By Ronron
August 12, 2007
Victims of the massive landslide last year in Southern Leyte province have found comfort and love in each other as they try to get over the pain of losing their loved ones.
For Levi Pagulong, 42, one of the 19 living survivors of the February 17, 2006 tragedy at Barangay Guinsaugon in St. Bernard town, starting to live a new life with fellow victim Arcile Japson, 26, has helped each of them move on from the grief they were in for months since the incident happened.
Pagulong and Japson met at the Cristo Rey High School at the town proper where all victims of the landslide were temporarily billeted after the tragedy struck. The former lost his wife and four children in the incident, while the latter lost her parents, four siblings, and a child.
They started living together in August last year and now, they have a baby girl named Lovely, who will turn three-months-old this August 20th. The couple, however, has yet to get married.

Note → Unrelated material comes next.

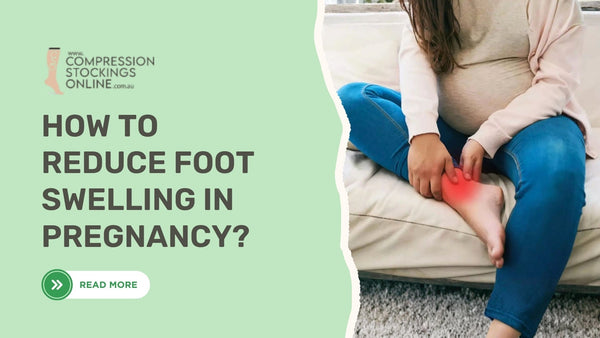 How to Reduce Foot Swelling in Pregnancy?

“It helps that I have found her (Japson) because at least, I now have a new reason to live, much more now because of our daughter,” Pagulong said in the Cebuano dialect when Manila Shimbun visited them last August 8 at their temporary residence at the New Guinsaugon Village in Barangay Magbagacay, St. Bernard.
“I’m happy because she takes care of me too, especially if I am tired from work,” he added.
Manila Shimbun first encountered Pagulong when he was presented to President Gloria Macapagal-Arroyo during the latter’s visit to the landslide site a few days after the incident. Many were moved and fell for him when they learned that he virtually fed by accident his three-year-old daughter to the creeping death as they were both struggling to get through the flowing thick mud right inside their residence.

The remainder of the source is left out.